The Little Drummer Girl Episode 6 Review
Visually arresting and ambitious, Florence Pugh's performance will be The Little Drummer Girl's legacy.
This article comes from Den of Geek UK.
This The Little Drummer Girl review contains spoilers.
The Little Drummer Girl Episode 6
“I hope it was worth it,” were Khalil’s last words to Charlie. So, was it?
Thanks to Charlie’s bravura performance, Marty’s scheme took Mossad “closer than anyone” to dismantling the Palestinian terror cell. Using intel Charlie had gathered in Lebanon, the training camp and mountain community were both destroyed. Key players in the attacks—Salim, Anna, Khalil, Fatmeh, Rossino, Helga, Mesterbein—were killed. Yet, after Khalil’s death, the bombings continued.
So, was it worth it? With Khalil now a martyr, parades no doubt being held in his honor, and bombs still targeting Israeli intellectuals, the finale left us considering what Marty’s bold plan really achieved.
Stepping outside of the drama, one answer is that it gave us six hours of the handsomest TV we’ve seen in an age, and cemented Florence Pugh’s status as one of the most talented actors working today.
Pugh has been a revelation as Charlie. Funny and sad and tough and vulnerable, often all in the space of the same line, she’s been the stand-out in a strong cast (Charif Ghattas was excellent as Khalil in this finale). Across the series, Pugh has held her own against the quiet—and, admittedly, often pretty loud—intensity of Michael Shannon. She even made the usually striking Alexander Skarsgard fade into the scenery. Opposite Charlie’s vibrancy, Gadi felt at times like a very tall, very tragic anglepoise lamp.

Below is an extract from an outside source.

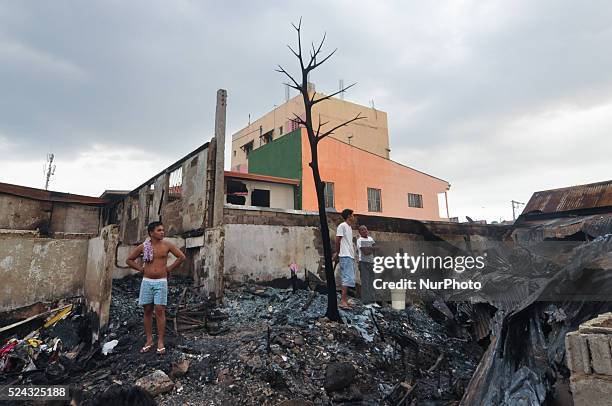 Philippines - Residents scavenge what's left of their house after a fire broke out, Wednesday morning and razed around 60 houses in a neighborhood in...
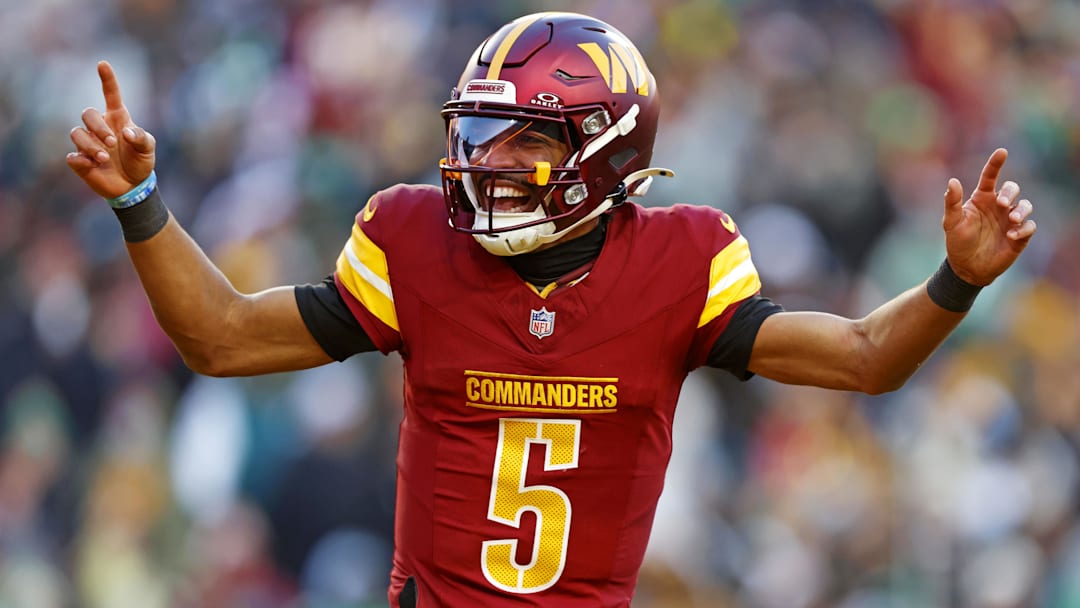 Dec 22, 2024; Landover, Maryland, USA; Washington Commanders quarterback Jayden Daniels (5) celebrates after throwing a touchdown during the fourth quarter against the Philadelphia Eagles at Northwest Stadium. Mandatory Credit: Peter Casey-Imagn Images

Not watching Pugh work every week is my one regret about The Little Drummer Girl coming to an end. Not that it’s been a slog, but its affectations—the monologues to camera, the fiction/reality repetitions—have leaned towards the ponderous rather than the thrilling. The ambition to complicate the international spy genre with lofty themes and provocative questions about cultural perspective (both Marty and Khalil knew they played the role of the devil to each other) and anti-Semitism is wholly admirable, but for viewers, none of that exactly equals… fun.
If you wouldn’t have come here for fun, you’d certainly have come for style. Director Park Chan-wook and cinematographer Woo-hyung Kim, along with Maria Djurkovic’s production design have told this story with intense beauty. The locations, costumes, props, and framing have all looked memorable and exquisite.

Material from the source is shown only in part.